The Times ‘leading charge to take down RT,’ George Galloway says

19 Oct, 2017 15:12 / Updated 7 years ago

The Times is leading the charge to close down RT in Britain because the channel is “getting under their skin,” former MP George Galloway says. His comments come as the Murdoch-owned newspaper condemned an RT advertising campaign on the London Underground.

Labour MP Tom Watson has asked broadcasting regulator OFCOM to investigate the tongue-in-cheek ads, which pose ironic questions such as: “The CIA calls us a propaganda machine. Find out what we call the CIA,” and “Missed the train? Lost a vote? Blame it on us.”

Speaking to RT, Galloway said the advertisements have in fact been widely praised, and struck a chord with the majority of people who have seen them.

“The Times is owned by a billionaire American citizen [Rupert Murdoch] who controls more than 40 percent of the British media market, and they’d like to keep it that way.

“The fact that RT is making great strides in attracting viewers and participants from all parts of the political spectrum is what is really getting under their skin.”

Galloway also hit out at Foreign Secretary Boris Johnson, who this week called it a “scandal” that Labour MPs appeared on RT. He was seemingly oblivious to the fact that many Tory MPs have come on the channel, and his own father Stanley Johnson appeared just last month to speak about his book.

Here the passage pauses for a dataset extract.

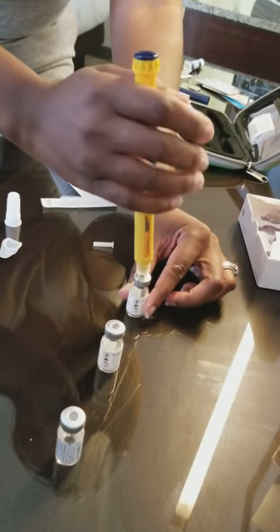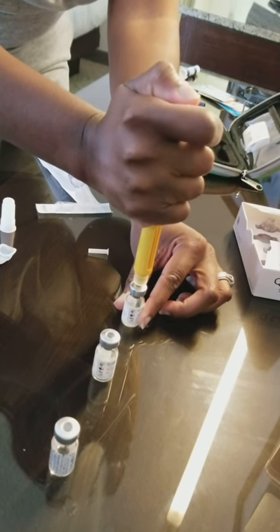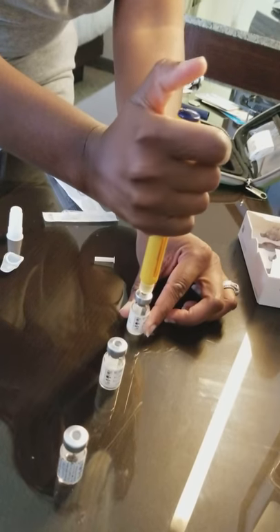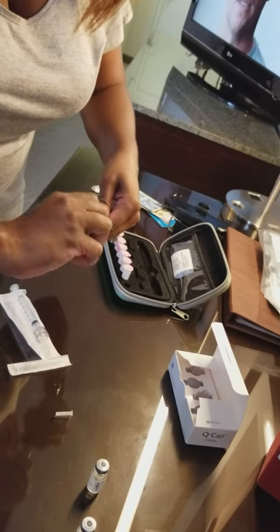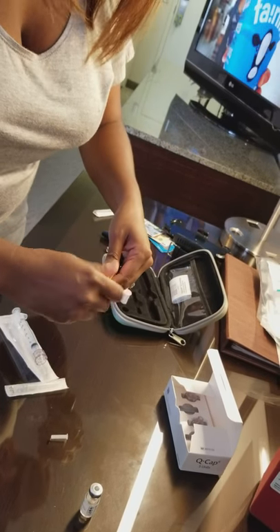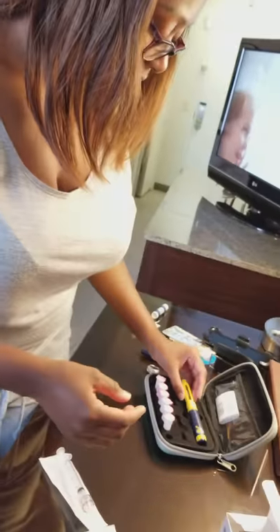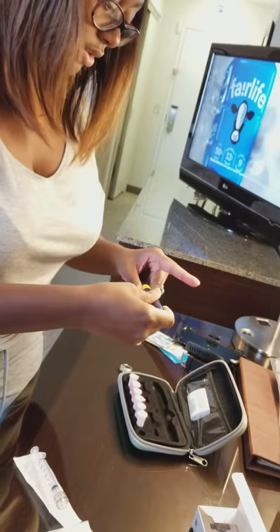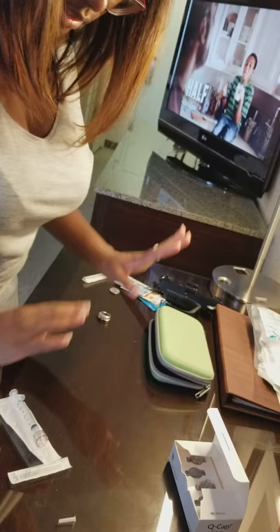So we stick that in there and push it all the way down until it locks, and we take it out. We put the cap back on and take off the needle so we're not touching it, and we discard it. We still have a little bit left in here — we can put it back in the refrigerator for tomorrow's dose. So that's done.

“On my own RT show, something like 10 leading Conservatives - that is the governing party - have appeared as opposed to precisely two Labour opposition members of parliament,” Galloway said.

“His own members are roundly ignoring this foolish statement, which has more to do with Boris Johnson’s bid to become prime minister on the back of these Cold War idiocies than it has to do with RT.

“It’s only actually less than two years ago that the very same Boris Johnson in his newspaper column urged the government to get behind the Russian president Putin in Syria - to make an alliance with him, to join up with him.

“Mr Johnson has more faces than the station clock.”

Galloway also pointed out Watson’s hypocrisy in taking the RT ad complaint to OFCOM.

“Tom Watson negotiated with me for a long time to come on my RT show, and he only didn’t because we fell out over an internal Labour Party matter - namely his leadership of the coup against Jeremy Corbyn.

“So Mr Watson was more than happy to appear on RT. I have the written exchanges to prove it.”